The current study is not without limitations and the limitation of this study were (1) milk samples were not collected nor tested for the presence of mycobacterial pathogens; (2) the household survey did not collect data regarding consumption of soured milk vs. unpasteurized raw milk; (3) contamination of pasture with M. tuberculosis in sputum and tobacco juice (spit) was not demonstrated and (4) controls were required to be TB-negative at enrollment and have no history of TB+ household members for the previous 10 years. The 10 controls reporting “a TB+ family member” should not have been enrolled or should have been disqualified.

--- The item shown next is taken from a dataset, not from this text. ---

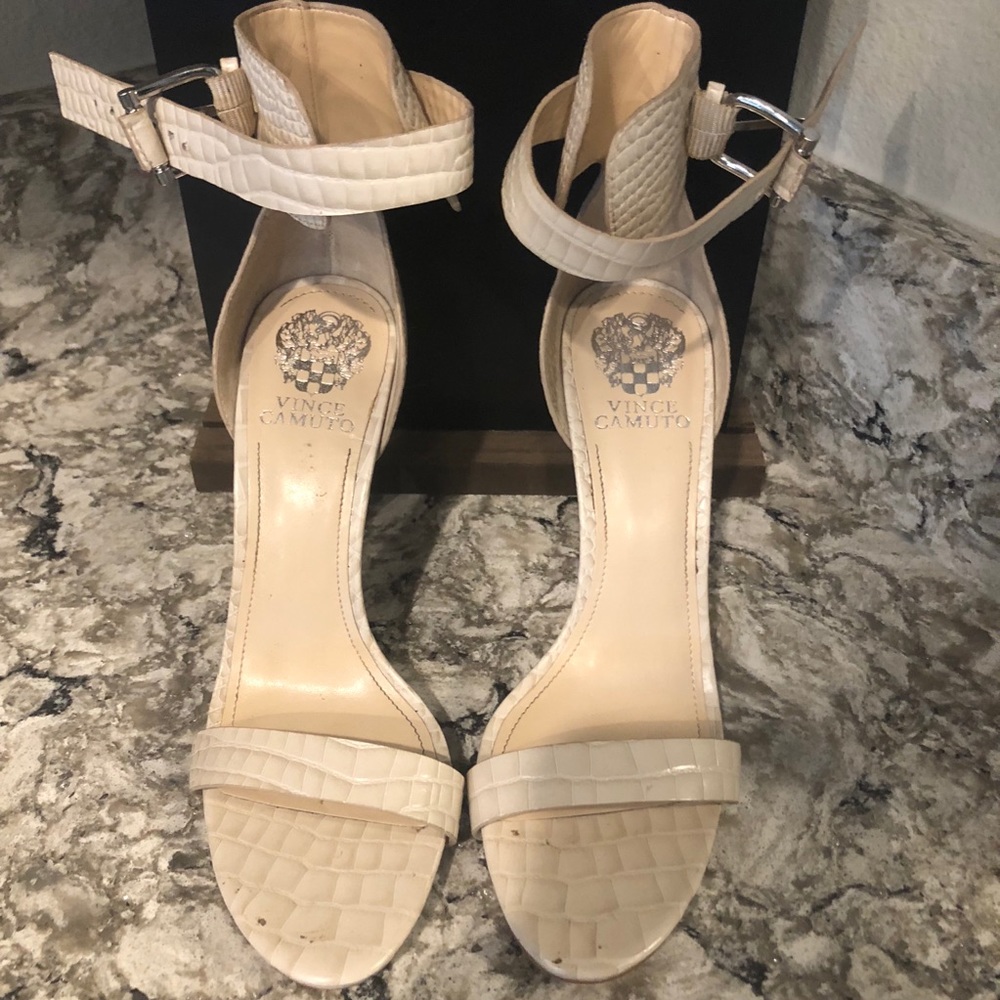 Vince Camuto Heels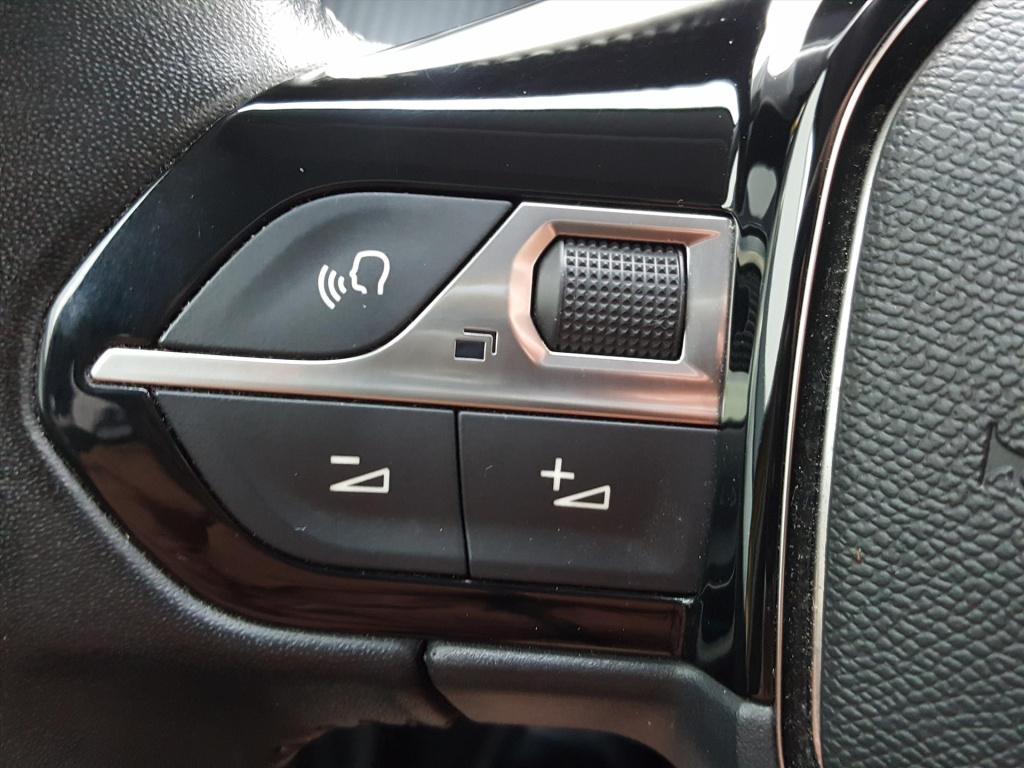 Peugeot 208 50kwh 136pk 3-fase allure pack apple carplay & android auto | 3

In conclusion, the present study did not identify any transmission of M. tuberculosis between humans and cattle. Similarly, no transmission of M. bovis between farmers and their cattle was found, even with 82% of households reporting consumption of unpasteurized milk produced by their animals. Herds and cattle belonging to 146 TB+ farmers had statistically significant increased rates of skin test reaction to the CIDT (14.4% vs. 4.3%; χ2 = 8.63, p<0,01) when compared to the 141 TB-negative control farmers and their herds, suggesting increased exposure and sensitization to mycobacteria. The practice of acidifying or “souring” milk prior to consumption can eliminate the risk of transmission if acidified to a pH <4.2, and may explain the absence of M. bovis infections in the TB+ farmers. When compared to controls, TB+ farmers were younger (34.7 years vs. 44.0 years; χ2 = 5.07, p<0.001), more likely to be female (49.3% vs. 16.3%; χ2 = 35.3; p<0,001), to share housing with their cattle (64% vs. 48%; χ2 = 7.93, p<0,01); and to have a TB+ family member (39.7% vs. 7.1%; χ2 = 41.9, p<0.001). Further study is needed to address the implications of these findings.